BERITA TERKINI
Pemerintah Berlakukan WFH ASN Setiap Jumat untuk Efisiensi Energi di Tengah Tekanan Global

Pemerintah Berlakukan WFH ASN Setiap Jumat untuk Efisiensi Energi di Tengah Tekanan Global

Pemerintah resmi menerapkan kebijakan work from home (WFH) bagi aparatur sipil negara (ASN) satu hari dalam sepekan, yakni setiap Jumat. Kebijakan ini ditempuh sebagai langkah efisiensi energi di tengah tekanan konflik global, dan akan diterapkan baik di tingkat pusat maupun daerah.

Menteri Koordinator Bidang Perekonomian Airlangga Hartarto menyatakan, ketentuan tersebut akan dituangkan dalam Surat Edaran Kementerian PAN-RB dan Kementerian Dalam Negeri. Pernyataan itu disampaikan dalam konferensi pers di Seoul, Korea Selatan, Selasa (31/3).

Selain WFH setiap Jumat, pemerintah juga menyiapkan langkah efisiensi lain, antara lain pembatasan penggunaan mobil dinas hingga 50 persen. Pembatasan ini dikecualikan untuk kebutuhan operasional dan kendaraan listrik.

Pemerintah turut mendorong ASN beralih menggunakan transportasi publik sebagai bagian dari strategi pengendalian konsumsi energi secara nasional di tengah situasi global yang tidak menentu.

Kebijakan efisiensi juga menyasar perjalanan dinas. Untuk perjalanan dinas dalam negeri, pembatasan mencapai 50 persen, sedangkan perjalanan dinas luar negeri dipangkas hingga 70 persen.

Sejalan dengan kebijakan tersebut, Majelis Permusyawaratan Rakyat (MPR) RI mulai menerapkan langkah efisiensi kerja sejak Rabu, 1 April. Sekretaris Jenderal MPR RI Siti Fauziah menjelaskan, efisiensi dilakukan melalui kombinasi sistem WFH dan work from anywhere (WFA), serta penghematan penggunaan listrik.

Penghematan listrik diterapkan dengan mematikan aliran listrik di lingkungan kantor pada pukul 18.00 WIB. Dengan ketentuan itu, seluruh aktivitas kerja diharapkan selesai paling lambat pukul 17.00 WIB.
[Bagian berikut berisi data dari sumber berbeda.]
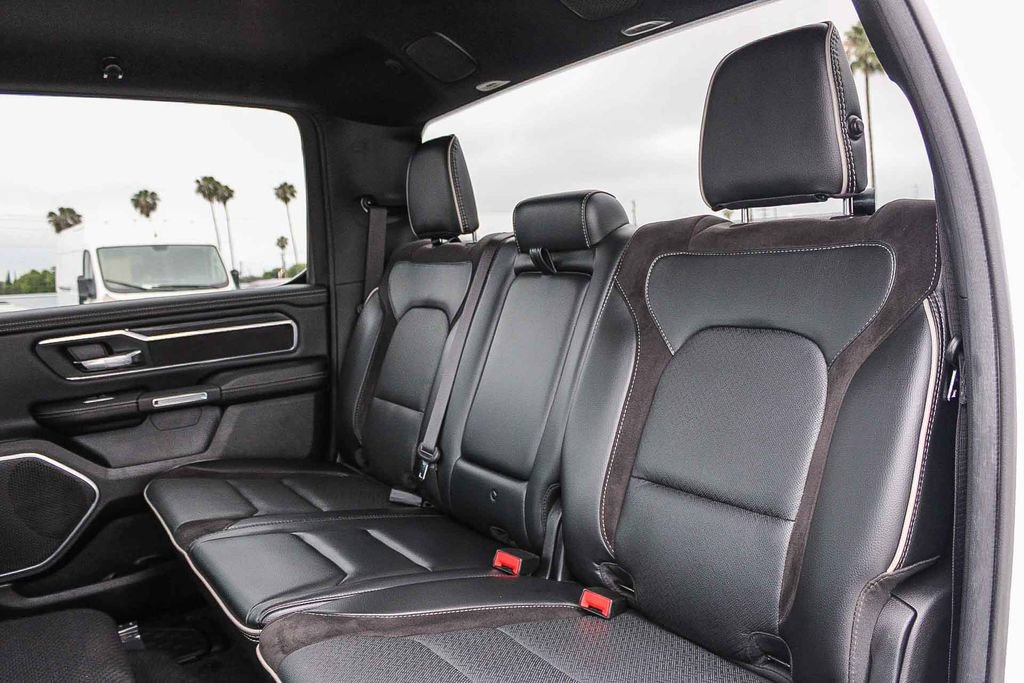 Used 2024 RAM 1500 Laramie AWD/4WD image 19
Dalam penerapannya, MPR mengatur pola kerja pegawai menjadi empat hari kerja dalam sepekan. Sementara pada hari Jumat diberlakukan sistem piket terbatas, dengan setiap unit kerja hanya diwakili dua pegawai yang bertugas di kantor. Pegawai lainnya menjalankan WFH atau WFA.
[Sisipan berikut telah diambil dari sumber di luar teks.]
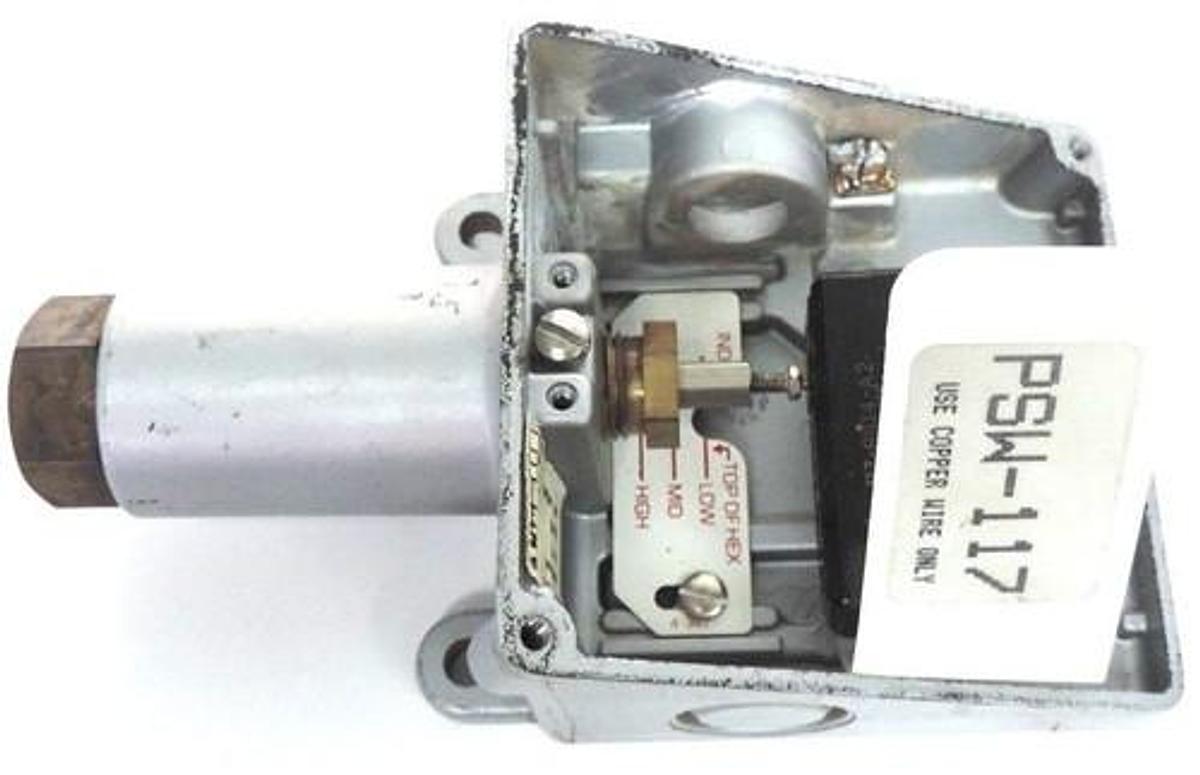 Used OMEGA PSW-117-9203 PRESSURE SWITCH TYPE PSW MODEL 117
Skema tersebut dirancang agar tetap mendukung kegiatan pimpinan dan anggota MPR tanpa mengganggu operasional utama. Meski bekerja dari rumah atau lokasi lain, pegawai tetap diwajibkan hadir ke kantor apabila dibutuhkan sewaktu-waktu.
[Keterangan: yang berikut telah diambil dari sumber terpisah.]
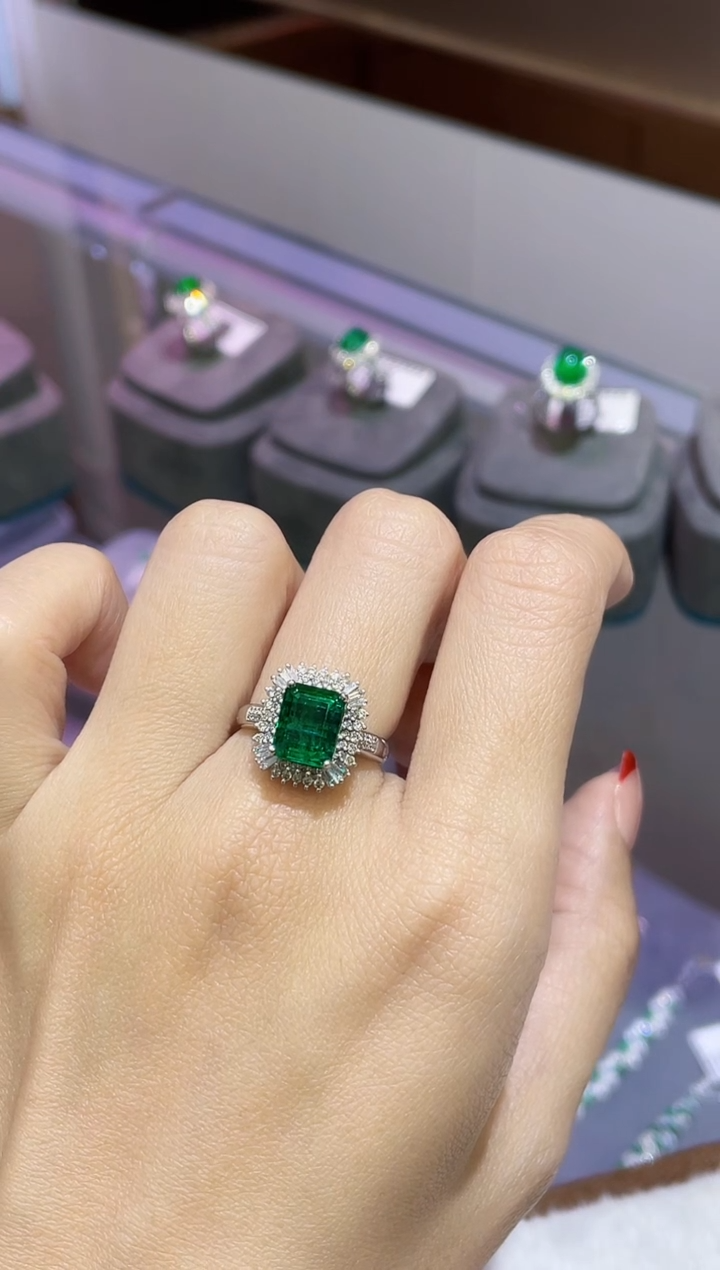 【闪购商品】祖母绿戒指18K金镶嵌3.36克拉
Siti Fauziah menegaskan, MPR juga menyiapkan sanksi disiplin bagi pegawai yang tidak mematuhi aturan kerja. Pegawai yang dipanggil kembali ke kantor namun tidak memenuhi panggilan tanpa alasan yang jelas akan dikenakan sanksi sesuai ketentuan yang berlaku.

Secara keseluruhan, kebijakan WFH ASN setiap Jumat menjadi bagian dari langkah pemerintah untuk menjaga efisiensi energi dan anggaran di tengah dampak konflik global. Melalui pengurangan mobilitas, pembatasan perjalanan dinas, serta penghematan listrik, pemerintah berharap pelayanan publik tetap berjalan optimal.